**Data extract**
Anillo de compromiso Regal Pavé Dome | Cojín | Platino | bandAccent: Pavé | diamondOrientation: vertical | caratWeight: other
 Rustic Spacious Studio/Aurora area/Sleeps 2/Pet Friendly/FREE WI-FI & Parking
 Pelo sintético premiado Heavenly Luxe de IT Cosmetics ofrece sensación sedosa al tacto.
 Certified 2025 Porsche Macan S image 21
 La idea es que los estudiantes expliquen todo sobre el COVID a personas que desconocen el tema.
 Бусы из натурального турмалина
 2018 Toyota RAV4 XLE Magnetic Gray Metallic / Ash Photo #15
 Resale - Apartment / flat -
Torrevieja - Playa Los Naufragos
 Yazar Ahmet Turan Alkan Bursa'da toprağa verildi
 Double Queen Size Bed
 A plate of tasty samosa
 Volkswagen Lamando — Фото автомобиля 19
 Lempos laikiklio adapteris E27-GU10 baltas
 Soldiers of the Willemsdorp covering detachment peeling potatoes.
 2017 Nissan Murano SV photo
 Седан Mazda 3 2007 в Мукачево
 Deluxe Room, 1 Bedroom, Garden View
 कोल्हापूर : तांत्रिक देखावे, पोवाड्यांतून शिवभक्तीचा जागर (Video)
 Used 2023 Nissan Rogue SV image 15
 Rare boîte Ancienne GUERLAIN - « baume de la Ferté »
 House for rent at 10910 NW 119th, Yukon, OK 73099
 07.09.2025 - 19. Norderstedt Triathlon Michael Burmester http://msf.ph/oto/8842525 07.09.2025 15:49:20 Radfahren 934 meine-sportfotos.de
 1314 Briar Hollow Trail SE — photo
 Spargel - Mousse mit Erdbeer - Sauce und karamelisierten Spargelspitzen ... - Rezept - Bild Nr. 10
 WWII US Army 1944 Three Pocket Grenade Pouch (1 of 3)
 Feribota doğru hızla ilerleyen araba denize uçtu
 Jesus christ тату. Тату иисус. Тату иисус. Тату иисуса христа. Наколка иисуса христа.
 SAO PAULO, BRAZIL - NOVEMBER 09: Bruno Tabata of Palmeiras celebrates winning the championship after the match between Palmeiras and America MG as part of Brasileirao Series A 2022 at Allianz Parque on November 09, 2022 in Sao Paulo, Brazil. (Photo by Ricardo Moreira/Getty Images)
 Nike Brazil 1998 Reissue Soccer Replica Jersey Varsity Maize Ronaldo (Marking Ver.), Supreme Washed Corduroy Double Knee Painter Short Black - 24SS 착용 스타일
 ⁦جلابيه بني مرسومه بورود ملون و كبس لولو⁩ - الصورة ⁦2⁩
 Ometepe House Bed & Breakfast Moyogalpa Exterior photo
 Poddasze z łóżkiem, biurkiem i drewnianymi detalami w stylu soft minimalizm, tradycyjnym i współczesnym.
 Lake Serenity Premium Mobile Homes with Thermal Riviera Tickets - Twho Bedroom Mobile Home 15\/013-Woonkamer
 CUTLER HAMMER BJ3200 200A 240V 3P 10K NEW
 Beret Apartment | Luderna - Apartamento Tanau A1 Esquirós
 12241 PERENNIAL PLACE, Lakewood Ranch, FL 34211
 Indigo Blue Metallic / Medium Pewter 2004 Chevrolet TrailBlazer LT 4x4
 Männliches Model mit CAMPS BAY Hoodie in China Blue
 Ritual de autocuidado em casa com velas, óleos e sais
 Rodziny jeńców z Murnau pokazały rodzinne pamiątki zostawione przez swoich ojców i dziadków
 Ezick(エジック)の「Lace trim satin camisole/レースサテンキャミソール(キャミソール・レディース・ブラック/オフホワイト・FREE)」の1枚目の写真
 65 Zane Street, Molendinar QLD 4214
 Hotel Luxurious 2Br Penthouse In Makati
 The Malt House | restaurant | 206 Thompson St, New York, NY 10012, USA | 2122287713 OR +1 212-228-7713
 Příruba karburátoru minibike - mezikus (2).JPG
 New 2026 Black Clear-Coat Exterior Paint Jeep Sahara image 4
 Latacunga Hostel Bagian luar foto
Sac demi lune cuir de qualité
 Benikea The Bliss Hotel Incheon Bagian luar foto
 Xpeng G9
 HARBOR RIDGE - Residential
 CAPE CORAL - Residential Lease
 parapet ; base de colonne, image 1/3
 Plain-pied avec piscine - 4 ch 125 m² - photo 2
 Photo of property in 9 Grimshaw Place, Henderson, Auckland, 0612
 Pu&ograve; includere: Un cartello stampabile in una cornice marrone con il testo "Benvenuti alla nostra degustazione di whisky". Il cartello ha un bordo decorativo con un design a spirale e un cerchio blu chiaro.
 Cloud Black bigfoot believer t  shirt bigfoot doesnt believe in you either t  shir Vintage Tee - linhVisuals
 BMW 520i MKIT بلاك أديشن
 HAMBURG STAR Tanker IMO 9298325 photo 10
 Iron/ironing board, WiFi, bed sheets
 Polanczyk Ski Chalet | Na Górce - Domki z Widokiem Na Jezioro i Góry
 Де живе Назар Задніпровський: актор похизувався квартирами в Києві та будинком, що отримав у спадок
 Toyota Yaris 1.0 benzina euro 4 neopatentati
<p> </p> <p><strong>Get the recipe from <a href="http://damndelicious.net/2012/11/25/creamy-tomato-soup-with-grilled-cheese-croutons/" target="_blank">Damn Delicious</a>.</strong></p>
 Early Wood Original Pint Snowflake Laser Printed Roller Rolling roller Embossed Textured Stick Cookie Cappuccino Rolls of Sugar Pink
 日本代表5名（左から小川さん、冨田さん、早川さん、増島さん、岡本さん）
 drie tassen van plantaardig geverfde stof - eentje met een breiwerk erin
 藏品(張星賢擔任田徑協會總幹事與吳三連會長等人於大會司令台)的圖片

**Activity**
Taking the entries above, write out exactly the lines starting with the line containing "Rustic Spacious Studio/Aurora" and going on through the line containing "WWII US Army", both included, and nothing else.

**Result**
 Rustic Spacious Studio/Aurora area/Sleeps 2/Pet Friendly/FREE WI-FI & Parking
 Pelo sintético premiado Heavenly Luxe de IT Cosmetics ofrece sensación sedosa al tacto.
 Certified 2025 Porsche Macan S image 21
 La idea es que los estudiantes expliquen todo sobre el COVID a personas que desconocen el tema.
 Бусы из натурального турмалина
 2018 Toyota RAV4 XLE Magnetic Gray Metallic / Ash Photo #15
 Resale - Apartment / flat -
Torrevieja - Playa Los Naufragos
 Yazar Ahmet Turan Alkan Bursa'da toprağa verildi
 Double Queen Size Bed
 A plate of tasty samosa
 Volkswagen Lamando — Фото автомобиля 19
 Lempos laikiklio adapteris E27-GU10 baltas
 Soldiers of the Willemsdorp covering detachment peeling potatoes.
 2017 Nissan Murano SV photo
 Седан Mazda 3 2007 в Мукачево
 Deluxe Room, 1 Bedroom, Garden View
 कोल्हापूर : तांत्रिक देखावे, पोवाड्यांतून शिवभक्तीचा जागर (Video)
 Used 2023 Nissan Rogue SV image 15
 Rare boîte Ancienne GUERLAIN - « baume de la Ferté »
 House for rent at 10910 NW 119th, Yukon, OK 73099
 07.09.2025 - 19. Norderstedt Triathlon Michael Burmester http://msf.ph/oto/8842525 07.09.2025 15:49:20 Radfahren 934 meine-sportfotos.de
 1314 Briar Hollow Trail SE — photo
 Spargel - Mousse mit Erdbeer - Sauce und karamelisierten Spargelspitzen ... - Rezept - Bild Nr. 10
 WWII US Army 1944 Three Pocket Grenade Pouch (1 of 3)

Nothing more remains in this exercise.